Multifactorial etiology of the oral cancer with some well-established causative factors such as tobacco, areca nut, and human papilloma virus has been clearly identified. Prognosis of oral cancer is determined by multiple factors. These prognostic factors include clinical and histopathological factors and molecular markers. A single factor alone cannot influence the prognosis of oral cancer, and final prognosis depends on the combination of all factors.

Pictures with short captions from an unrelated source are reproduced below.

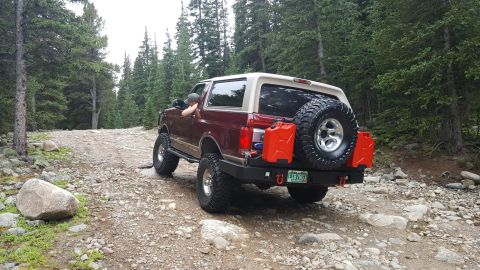 1996 Ford Bronco - A maroon Ford Bronco with a tan top is seen from the rear driving on a rocky, wooded trail.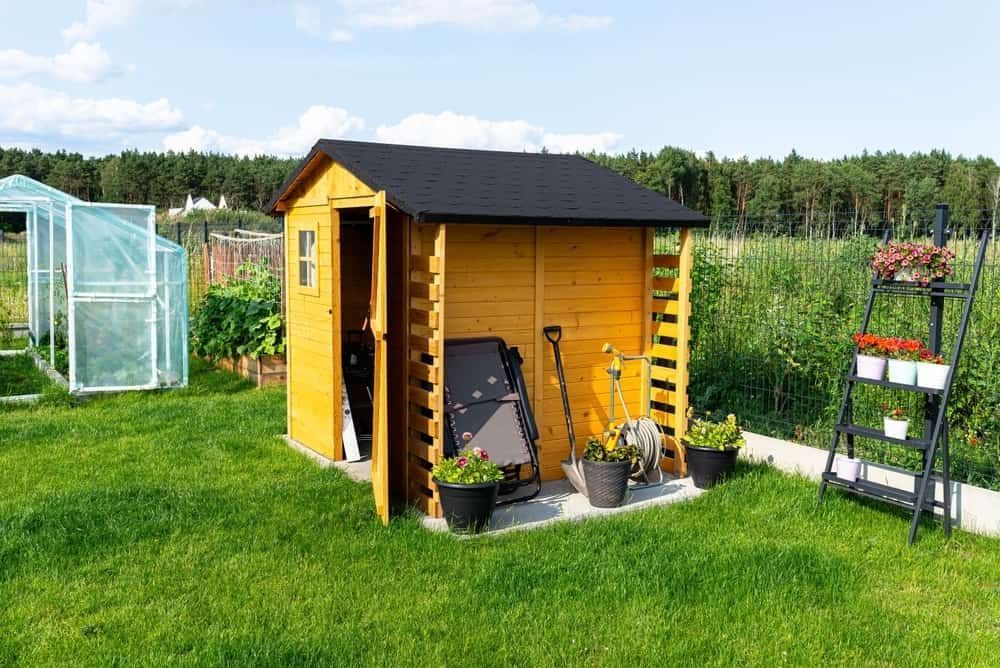 Wooden Shed With Open Door, Garden Tools, and Flowerpots in a Sunny Backyard — ShedBoss in Ravenshoe, QLD 
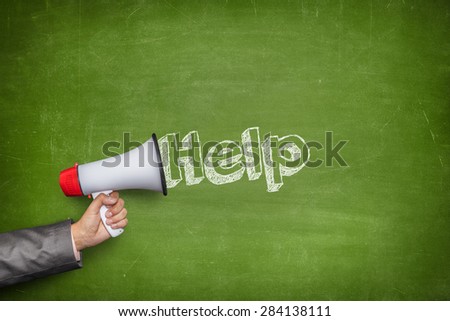 Help text on blackboard and Businessman hand holding megaphone on front of vintage full frame black blank blackboard no frame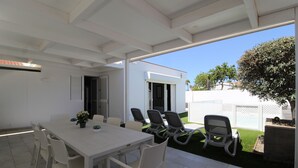 Un patio al aire libre con una mesa y sillas blancas, una zona cubierta y vistas a una casa y jardín.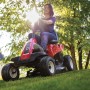 Tosaerba rider Troy-Bilt Mini-Rider 76T-S rosso con scarico laterale durante il taglio.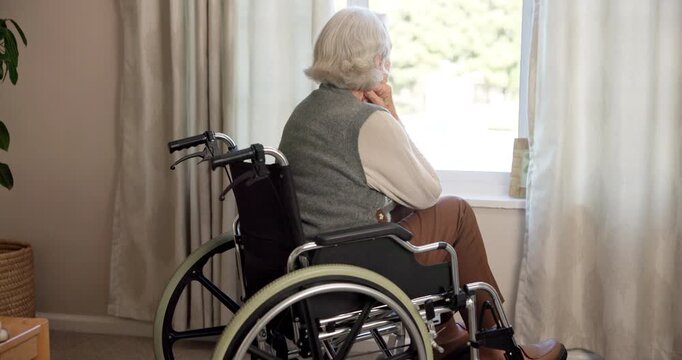 Thinking, worry and old woman at window with wheelchair, sad and reflection of past mistake. Mental health, back and elderly person in home with disability, emotional thoughts and guilt in retirement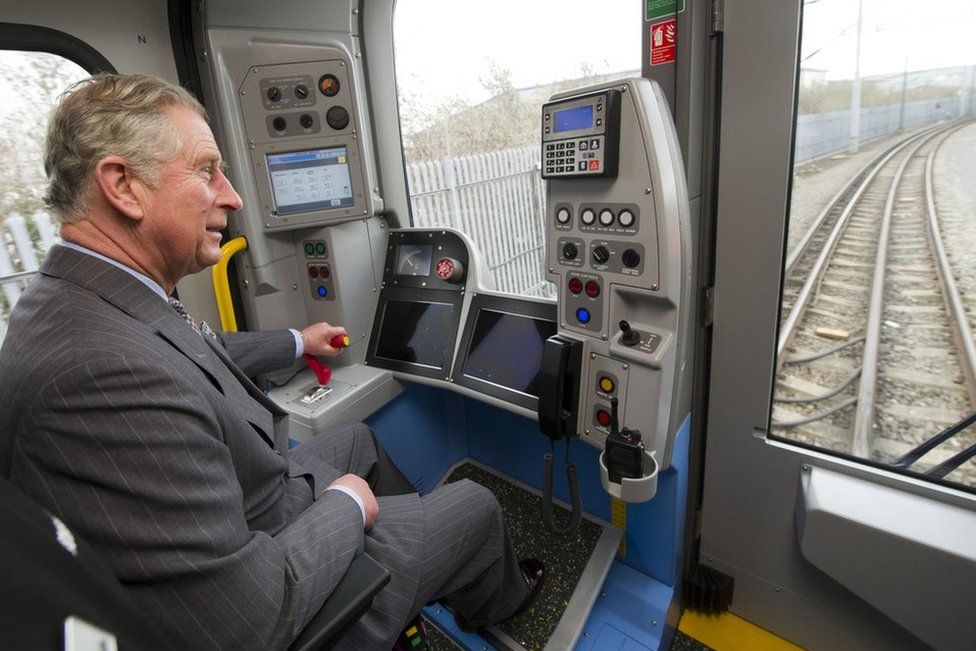 Prince Charles, Prince of Wales, is shown how to drive a London Underground tube train during a visit to Bombardier Transportation, where he toured the facilities and met employees working on London Underground tube trains, on February 24, 2012 in Derby, England
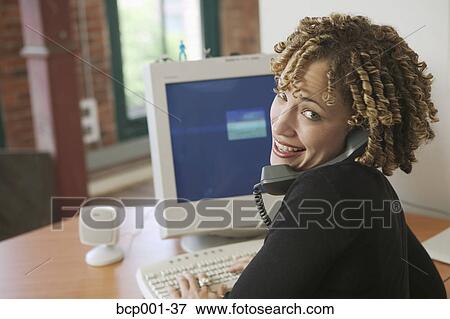 A young woman working at her desk. View Large Photo Image Stock Photo - A young woman working at her desk.. Fotosearch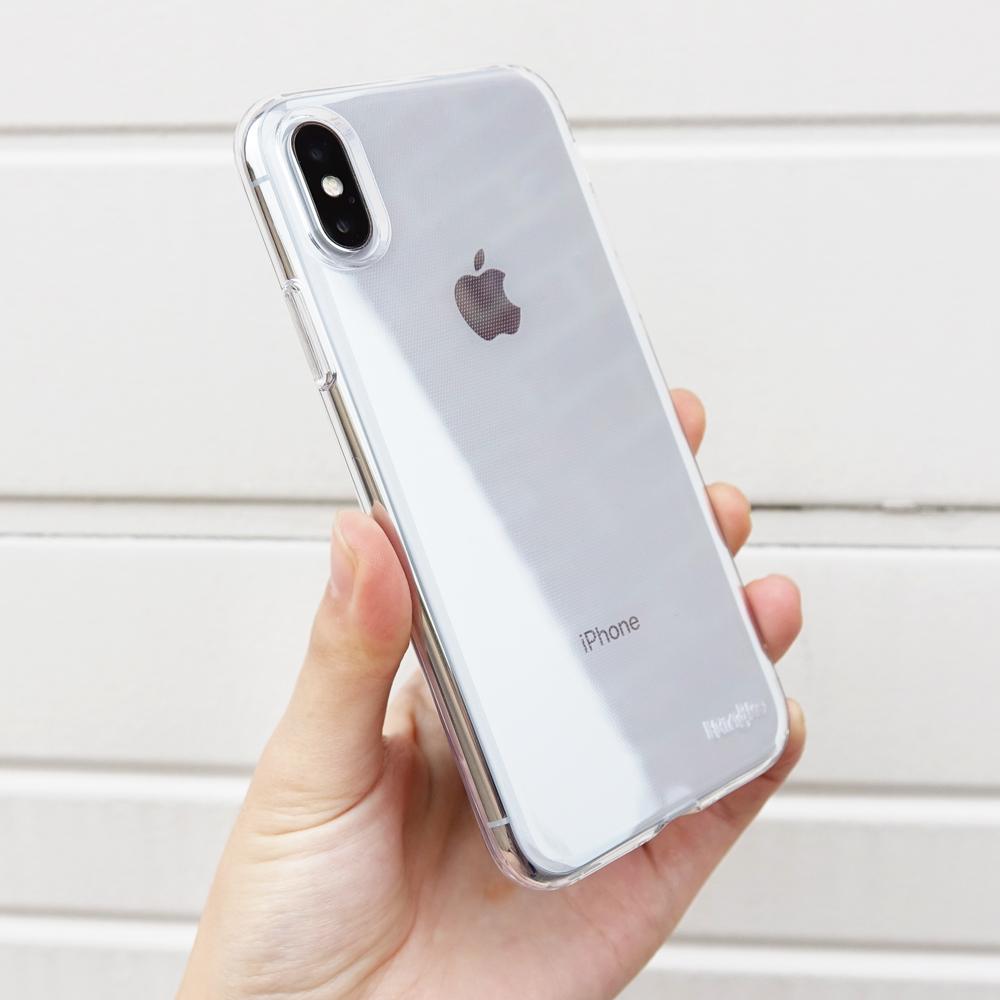 iPhone X Case | Air - A hand holding an iPhone X in a clear, slim protective case against a white slatted background.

Clinical prognostic markers of oral cancer include age, gender, race, habits, nutritional status, medical condition of the patient, anatomical site and size of the cancer, surgical margins of the resection, as well as lymph node involvement, their number, size, and location (Rajapakshe et al. 2015; Siriwardena et al. 2015a, b; Dissanayaka et al. 2012). Histopathological prognostic factors include tumor subtype, level of differentiation, perineural invasion, vascular invasion, host immune response, pattern of invasive tumor front, depth of invasion, number of positive lymph nodes, presence of extracapsular spread in lymph nodes, increased mitosis, and presence of abnormal mitosis (Siriwardena et al. 2018; De Silva et al. 2018).

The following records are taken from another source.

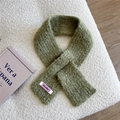 Detailed texture of cross-knitted grass green wool scarf with a woven label on fabric - Green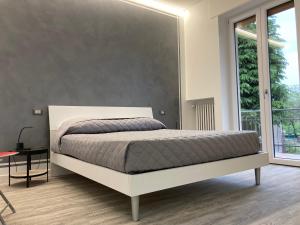 - une chambre avec un lit et une grande fenêtre dans l'établissement Garda Art&Lake, à Peschiera del Garda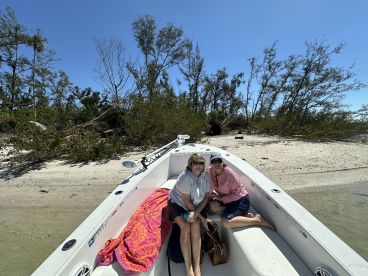 Two friends enjoy a relaxing moment aboard their boat near a sandy beach, surrounded by lush greenery — a perfect getaway for sun and fun.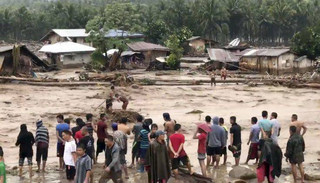 In this photo made from video by Aclimah Disumala, Friday, Dec. 22, 2017, villagers carry cross raging flood waters in Lanao del Norte, Zamboanga Pennisula, southern Philippines. A tropical storm has unleashed flash floods and set off landslides in the southern Philippines leaving dozens of people dead. (Aclimah Disumala via the AP)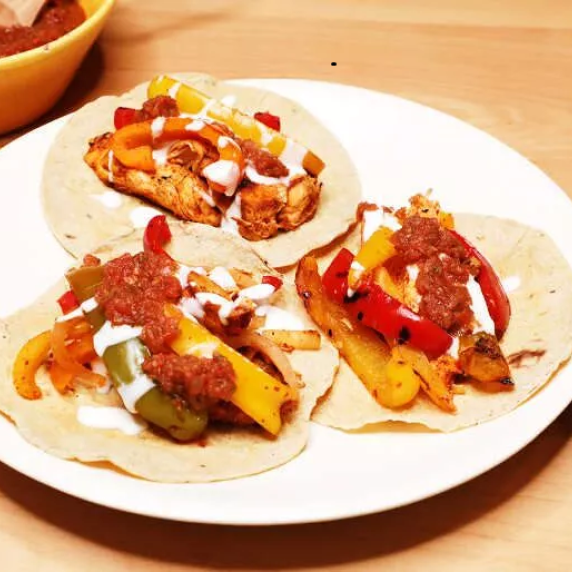 Chicken Fajitas served in white plate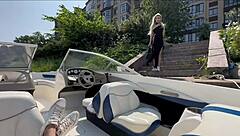 Blonde in lingerie chats with captain on boat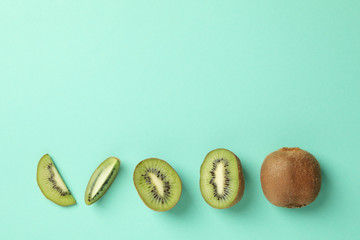 Flat lay with kiwi on green background, top view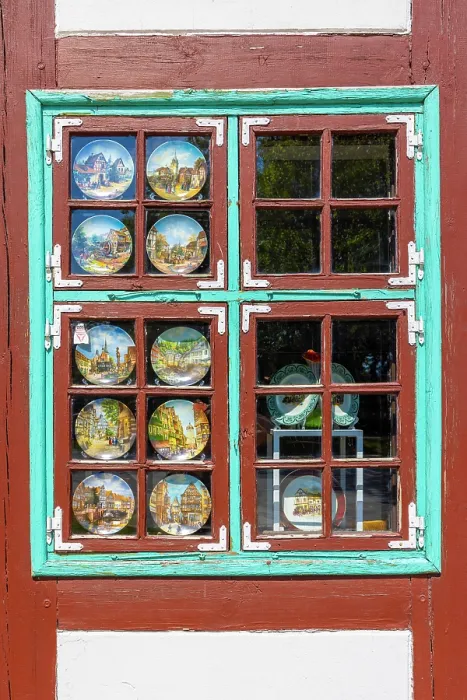 Framed Print : Decorative Plates in a Window in a Fachwerk Styled Traditional Building, Klaipeda, Lithuania
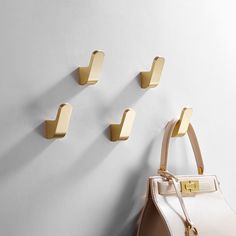 a handbag hanging on the wall next to three hooks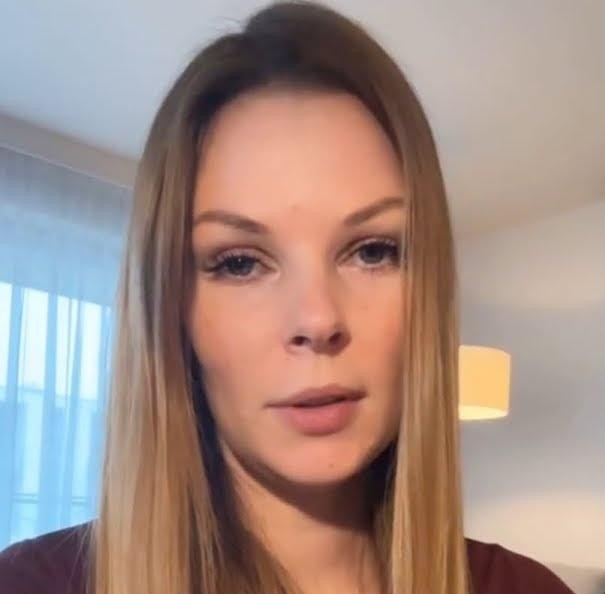 Małgorzata Tomaszewska prowadząca program telewizyjny, dynamiczna poza na tle studia.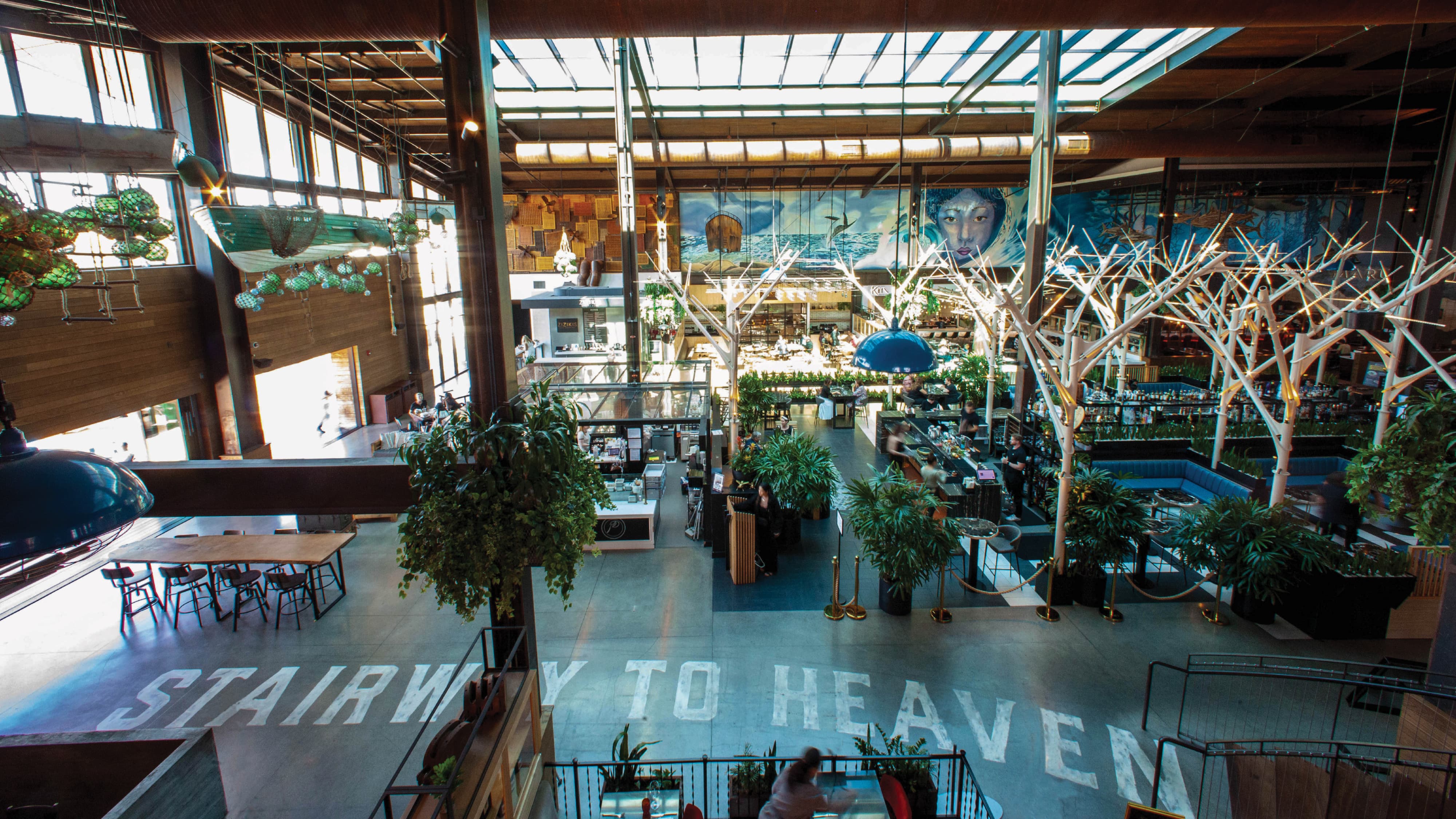Environmental graphic design within a high-end hospitality and mixed-use destination, featuring large-scale architectural graphics, branded placemaking, and integrated wayfinding in an open-concept food hall environment. The space showcases experiential design, custom lighting installations, and immersive storytelling elements that enhance circulation, guest experience, and tenant identity within a retail and entertainment setting.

There are several molecular markers that may predict prognosis of oral cancer. There are angiogenesis-related factors such as vascular endothelial growth factor (VEGF), epidermal growth factor receptor, transforming growth factor alpha, HIF-1apha, expression of various combinations of cytokeratin, and many more (Tilakaratne 2012, Tilakaratne and Nissanka-Jayasooriya 2011; Siriwardena et al. 2008). Dysregulation of different types of RNA is considered as important molecular change in the carcinogenesis of oral cancer. Both micro-RNA (Mic-RNAs) and long noncoding RNA (Inc-RNAs) have been considered. High or low expression of RNAs could serve as a tissue-specific biomarker associated with clinicopathological features and survival of oral cancer. They can be used as possible therapeutic targets, and this needs further research (Pentenero et al. 2019a, b).